▸ Material provided:
▼
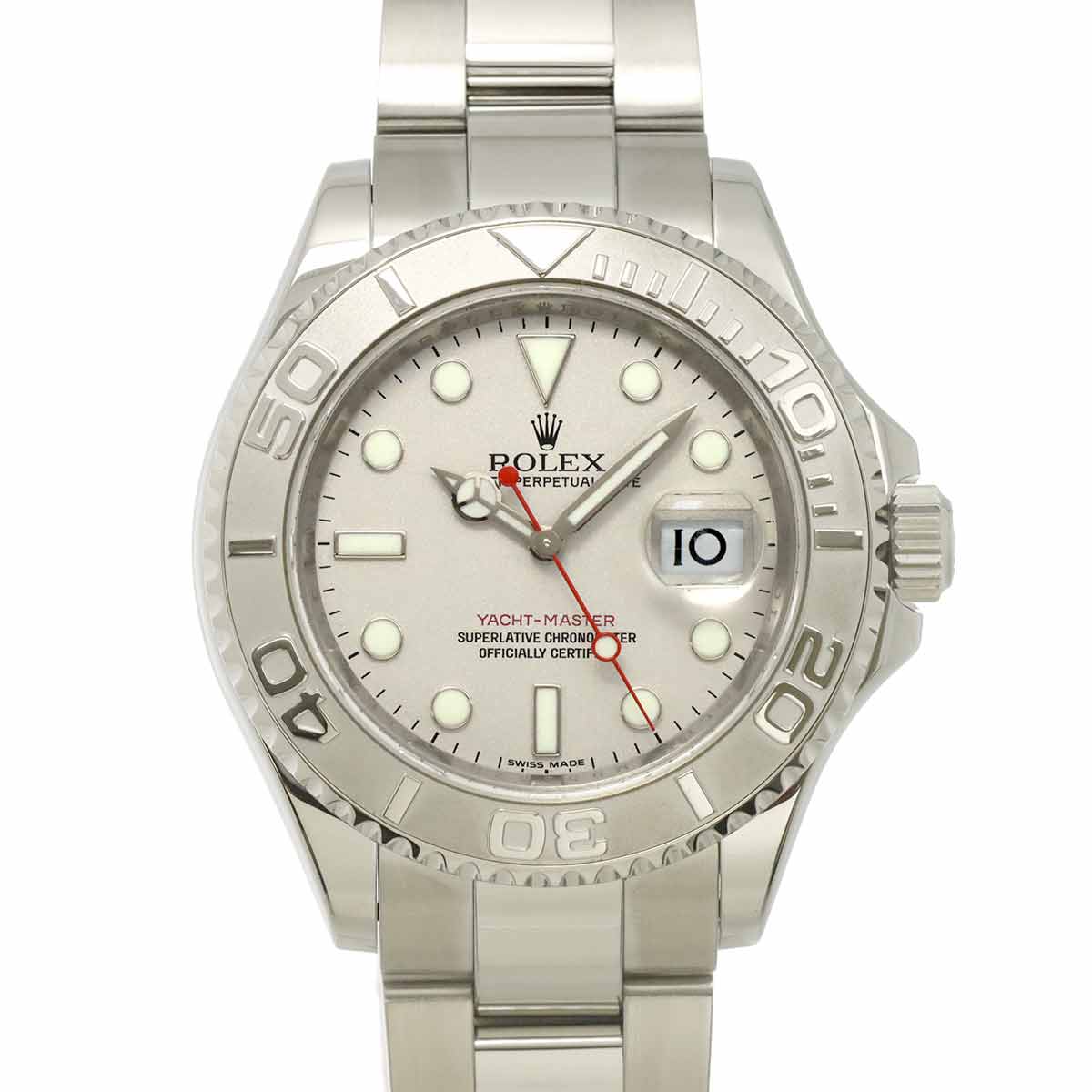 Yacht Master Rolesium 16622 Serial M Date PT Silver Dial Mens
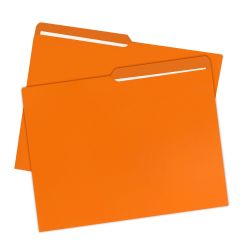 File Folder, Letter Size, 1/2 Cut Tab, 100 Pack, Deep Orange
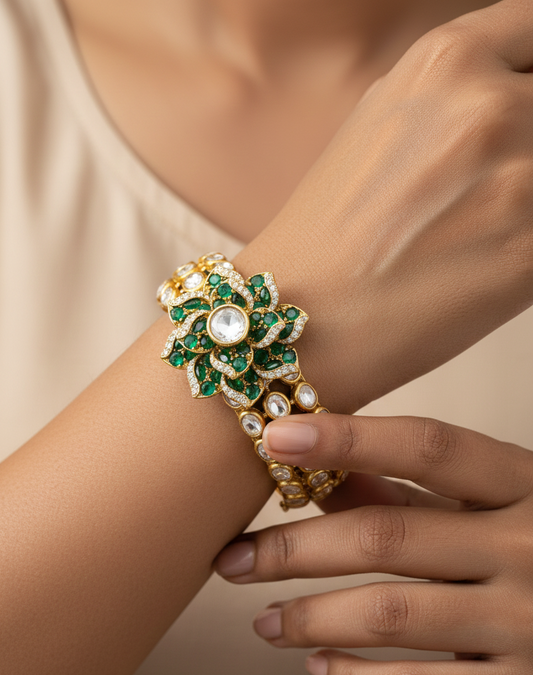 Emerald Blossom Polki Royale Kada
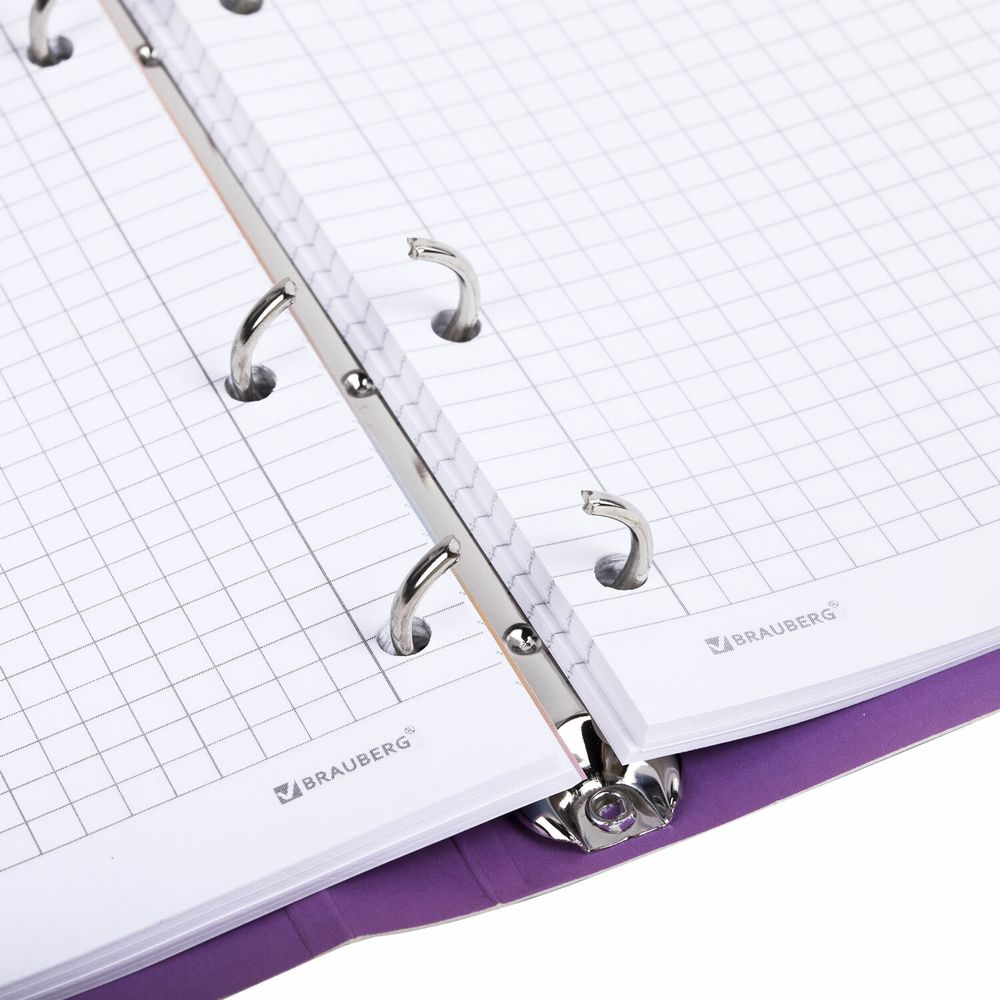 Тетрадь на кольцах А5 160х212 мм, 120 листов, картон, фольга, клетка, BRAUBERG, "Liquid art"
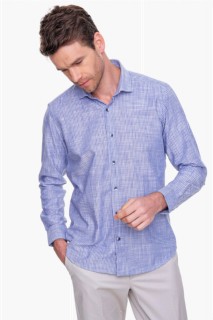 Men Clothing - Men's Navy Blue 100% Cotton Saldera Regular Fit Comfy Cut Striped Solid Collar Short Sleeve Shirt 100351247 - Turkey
▲
▸ Assignment: Your answer should be every line above, written out exactly, with no pictures.

▸ Answer to the exercise:
 Yacht Master Rolesium 16622 Serial M Date PT Silver Dial Mens
 File Folder, Letter Size, 1/2 Cut Tab, 100 Pack, Deep Orange
 Emerald Blossom Polki Royale Kada
 Тетрадь на кольцах А5 160х212 мм, 120 листов, картон, фольга, клетка, BRAUBERG, "Liquid art"
 Men Clothing - Men's Navy Blue 100% Cotton Saldera Regular Fit Comfy Cut Striped Solid Collar Short Sleeve Shirt 100351247 - Turkey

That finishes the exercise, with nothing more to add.